LibraryOfCongress / chronam

This software project is no longer being actively developed at the Library of Congress. Consider using the Open-ONI (https://github.com/open-oni) fork of the chronam software. Project mailing list: http://listserv.loc.gov/archives/chronam-users.html.
71 stars 34 forks source link

Examples of hit highlighting not present on thumbs or page view #53

Closed nwy closed 6 years ago

nwy commented 11 years ago

This bug does not seem related to punctuation or capitalization as ticketed in https://github.com/LibraryOfCongress/chronam/issues/35

Sample Search results page: Note 4th thumb with no highlights

http://chroniclingamerica.loc.gov/search/pages/results/?state=&date1=1836&date2=1922&proxtext=stocktonian&x=0&y=0&dateFilterType=yearRange&rows=20&searchType=basic

And page view also with no highlights:

http://chroniclingamerica.loc.gov/lccn/sn85066387/1912-04-18/ed-1/seq-1/#date1=1836&index=3&rows=20&words=Stocktonian&searchType=basic&sequence=0&state=&date2=1922&proxtext=Stocktonian&y=19&x=14&dateFilterType=yearRange&page=1

Another sample search:

http://chroniclingamerica.loc.gov/search/pages/results/?date1=1836&rows=20&searchType=basic&state=&date2=1922&proxtext=the+call+leads+in+political&y=0&x=0&dateFilterType=yearRange&page=1&sort=relevance

keshavmagge commented 10 years ago

@dbrunton @nwy I think this is an edge case where the search results returned by SOLR contains matches that are a result of applying the concept of fuzzy searches (http://lucene.apache.org/core/2_9_4/queryparsersyntax.html#Fuzzy%20Searches). In the example here, the search is for term "stocktonian". One of the pages returned in response contains the term "Stockton" (California). The piece of code that highlights the search terms on the returned pages however, is not smart enough to catch that and highlight "Stockton". Does that make sense?

We can either stop including hits (by not doing fuzzy searches) in the response that contain terms that look like the search term and eliminate cases where search hits have no highlighting (greatly reduces search flexibility, I dont recommend we do this) or live with the odd missing highlights or look deeper and try to find a better solution (I recommend we do this :) ). Thoughts?

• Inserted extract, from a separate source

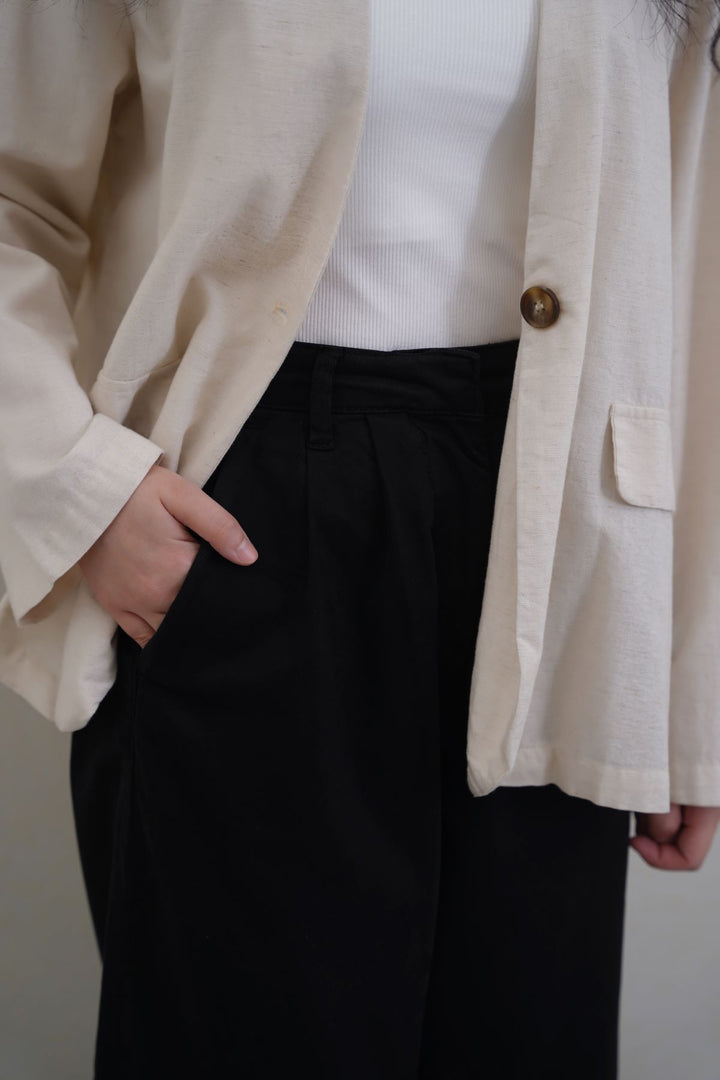 BLACK HIGH WAISTED MOM PANTS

keshavmagge commented 10 years ago

No, sorry, let me back up one step. Here's another search scenario. I searched for the word "Institutional" and one of the hits did not have any highlighting. Here's the url to that search hit - http://chroniclingamerica.loc.gov/lccn/sn83045487/1916-03-04/ed-1/seq-32/#date1=1836&sort=relevance&rows=20&words=Institutional&searchType=basic&sequence=0&index=7&state=&date2=1922&proxtext=Institutional&y=-218&x=-1065&dateFilterType=yearRange&page=2

However, if you change the 'words' and 'protext' request parameters in the url to something that we know is on that page ('lecture' for example) so the url looks like this
http://chroniclingamerica.loc.gov/lccn/sn83045487/1916-03-04/ed-1/seq-32/#date1=1836&sort=relevance&rows=20&words=lecture&searchType=basic&sequence=0&index=7&state=&date2=1922&proxtext=lecture&y=-218&x=-1065&dateFilterType=yearRange&page=2

This works ok. Highlighting is all good. This makes me wonder if we have corrupted ocr xmls for some pages? Im just thinking out of my, hat. Still investigating.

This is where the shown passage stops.